Task objective
Starting from the line that holds "6916 Shady Grove Dr - Photo 5 of 17", output exactly each line through the end of the listing. Do not copy pictures.

Provided material
====

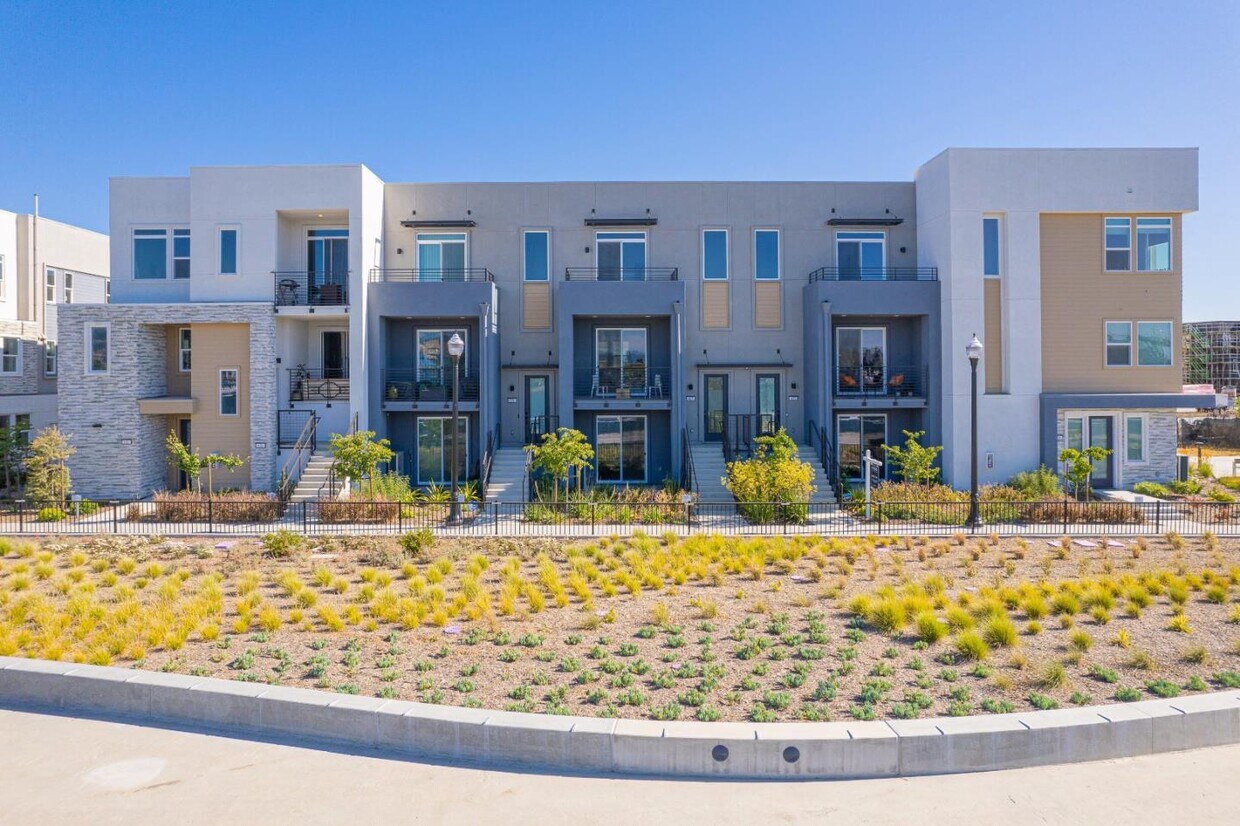 Foto principal - 623 Sentinel Dr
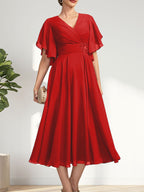 A-Linien-Chiffonkleid mit V-Ausschnitt, Teelänge und plissierter Perlenstickerei für die Mutter der Braut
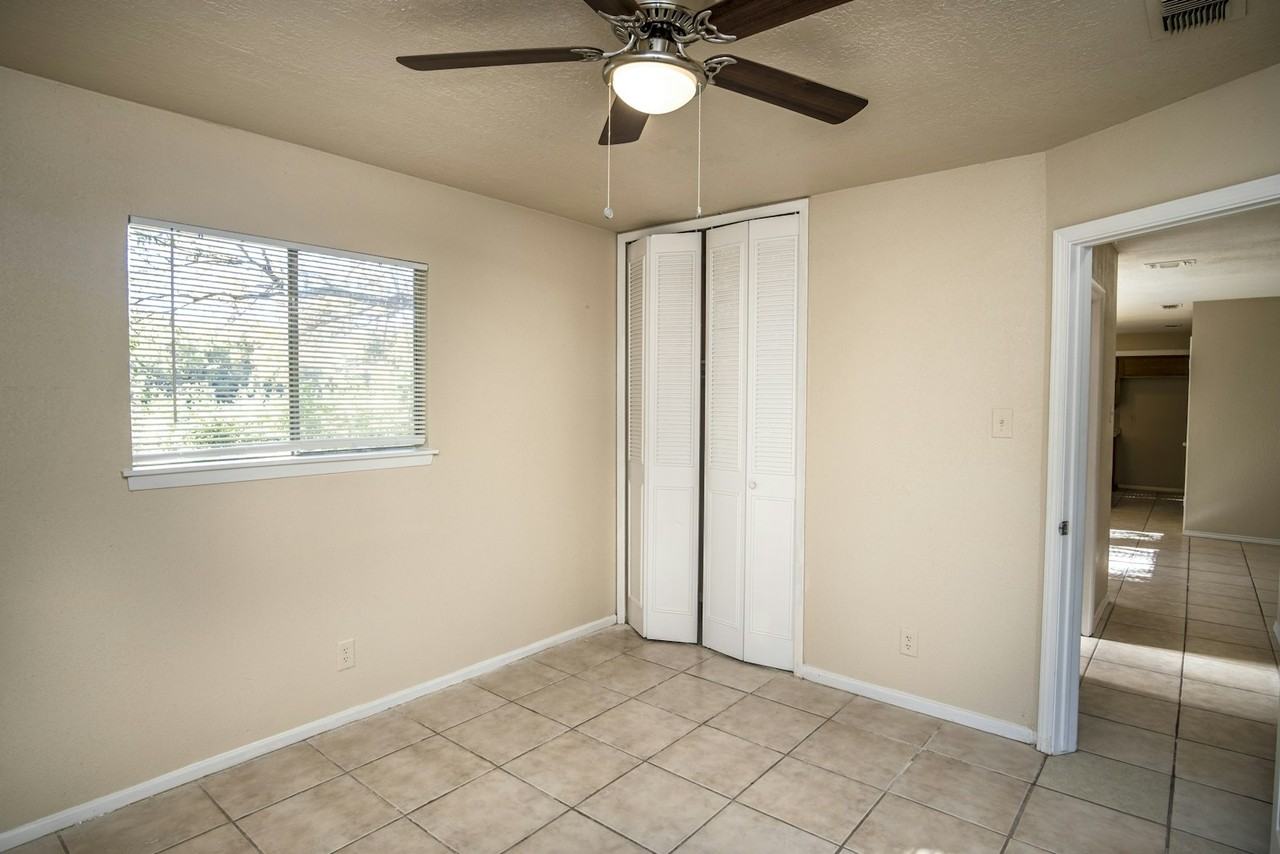 6916 Shady Grove Dr - Photo 5 of 17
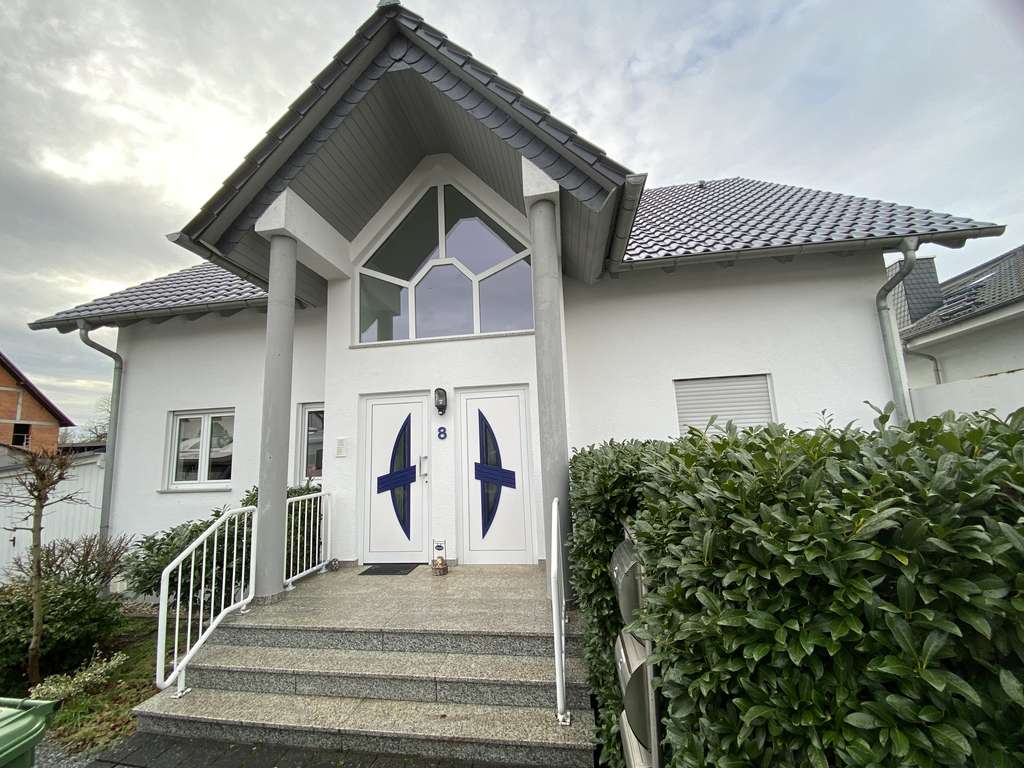 Immobilie in Neuberg - Exklusives Zweifamilienhaus in traumhafter Feldrand- und Parkanlage  - Bild 1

====

Solution below
 6916 Shady Grove Dr - Photo 5 of 17
 Immobilie in Neuberg - Exklusives Zweifamilienhaus in traumhafter Feldrand- und Parkanlage  - Bild 1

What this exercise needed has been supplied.